Abbiamo faticato a riconoscere la Juventus. Avevamo nel cuore e nella mente la squadra di cento imprese, di Milano e di Magdeburgo, l’abbiamo ritrovata più elegantuccia e molto risoluta a giochizi e balistiche, ma senza la spinta corale, l’entusiasmo a momenti protervo, che le avevano consentito tanti successi. Io non ho dubbi. L’ho sempre detto agli amici bianconeri. La Juventus si è rilanciata con valori morali enormi, puntigliosi, con la serietà infrangibile che diparte dai suoi dirigenti ai quali mi sento vicino, perché li sento dirigenti, non fanno moine coi giornalisti, non usano particolarismi con nessuno, sono freddi semmai, in qualche momento impietosi, ma hanno dignità. Si parla tanto di stile juventino, e spesso se ne parla a capocchia. La dignità della Juventus è un fatto di costume. E’ dignità piemontese. La società nomata Juventus fa i fatti e attinge alla semplicità per progredire.

Qualcuno ha scritto che Virdis ha deluso contro il Verona. Più di Virdis contava la squadra. Se nel calcio mettessimo un solista retrodatato non caverebbe il ragno dal buco. In verità, la Juventus collettivo ha latitato in quella vicenda e la Juve non è andata oltre allo zero a zero. E’ esatto perciò opinare che questa squadra, anzi questo squadrone, debba mai guardarsi allo specchio e risolvere piuttosto le sue partite in un fatto di pertinenza contingente. Le intese debbono essere costanti. La Nazionale deve esaurirsi con la Nazionale e la Juventus tornare alla domenica, col piglio, la passione, la consapevolezza , che le hanno dato grandezza. Ed a questo proposito mi sento di dover dedicare a Causio, detto Brazil, un pistolotto elogiativo. Brazil dona alla squadra un senso di freschezza, la sua eleganza negli inserimenti col pallone, il suo cross da fondo illustrano il calcio italiano. Bisogna inoltre finirla con la storiella che non lotta. Lotta e come  il leccese, ha cuore e non fegatello di merluzzo. Bisogna dirgli bravo.

Furiafurinfuretto ha fatto le duecontocinquanta partite e procede. Un mediano così è stato, è, alla base della fortuna della Juventus. Furino è il cuore indomito della squadra. La sua semplicità e la sua fede. Ed io mi auguro che duri.

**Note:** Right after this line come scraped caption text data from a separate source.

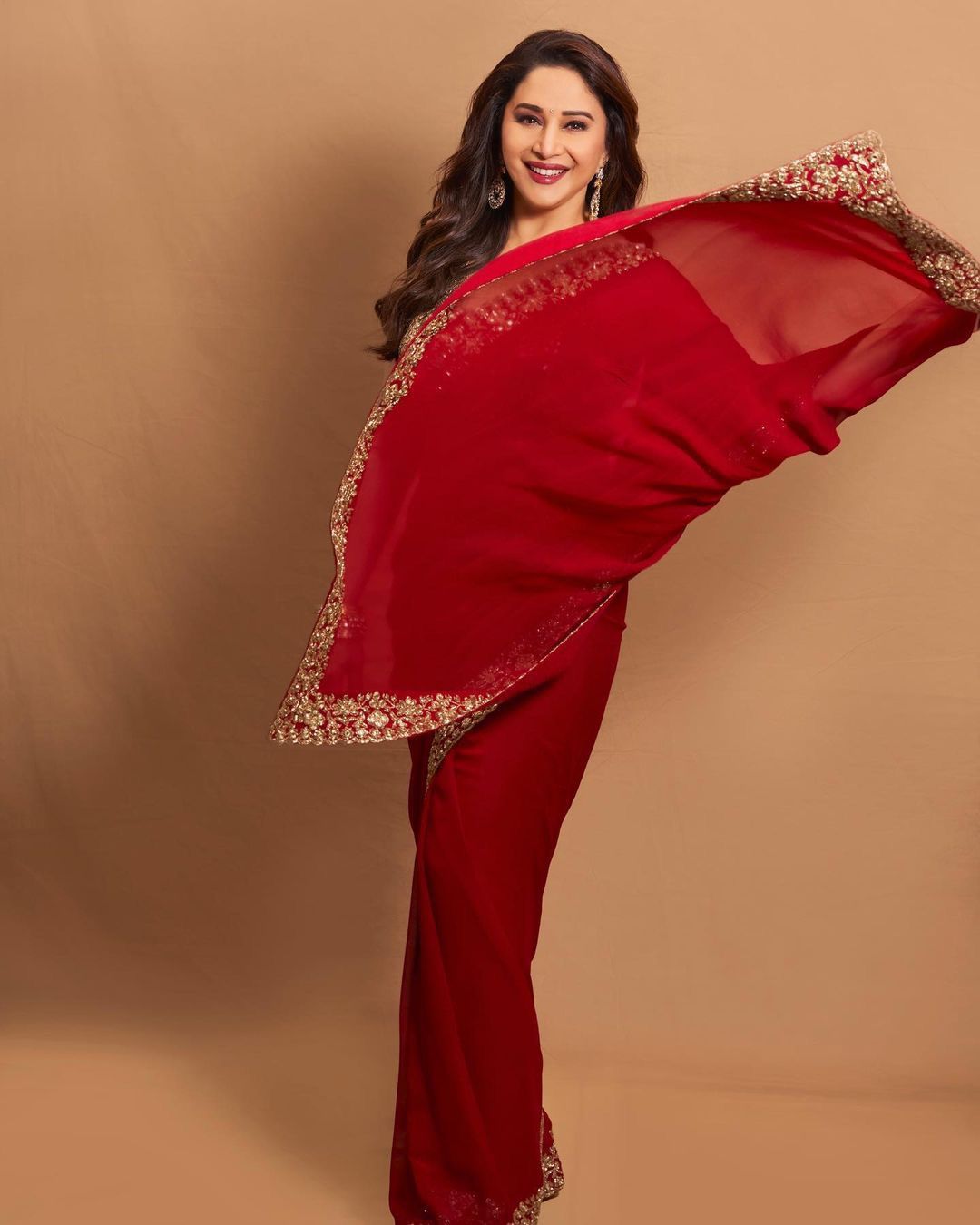 BOLLYWOOD - INSPIRED MADHURI DIXIT RED PARTY WEAR SAREE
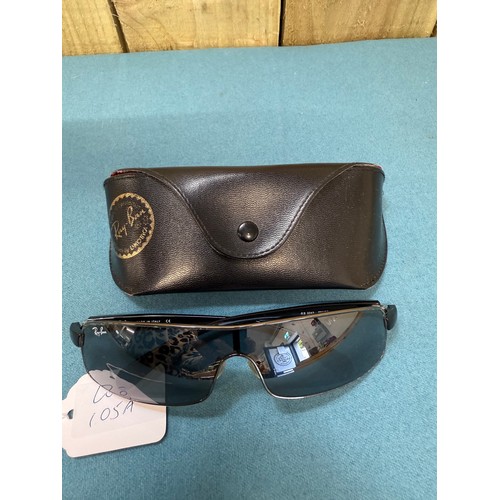 105A - A Vintage pair of Ray Ban Sunglasses. Comes with protective case.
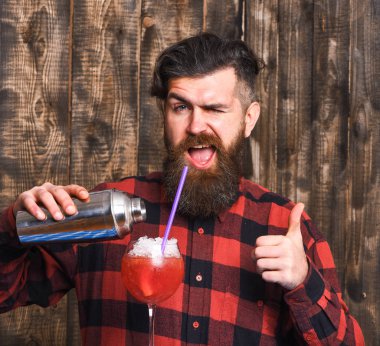 Barmen sakal ve yanıp sönen yüz ile shaker tutar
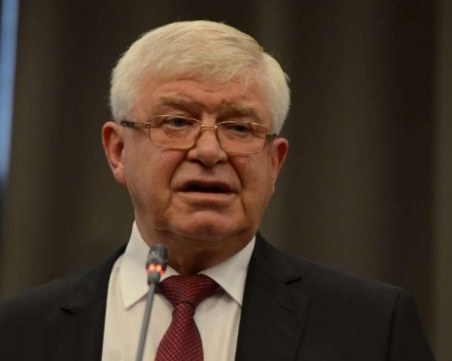 Майки към министър Ананиев: Запалете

Mi auguro che duri e perduri anche Zoff bersagliato da ogni parte da critiche feroci. Un portiere adamantino come il furlan continua a dare il suo rendimento smentendo le cassandre coi fatti. Vige una legge per certo giornalismo. O esalta furiosamente o ferocemente denigra. Io non fui mai tenero con Zoff, essendo vecchio ed avendo visto portieri e portieroni, ma non ho mai trascurato la sua grandezza, che è assoluta, e ne fa uno dei più grandi portieri della storia del calcio.

E mi pare che nel mio libro “Juventus Juventus” ho trovato per Dino il paragone giusto. L’ho paragonato a quello scrittore che fece dei suoi talenti un tesoro: Fitzgerald Scott.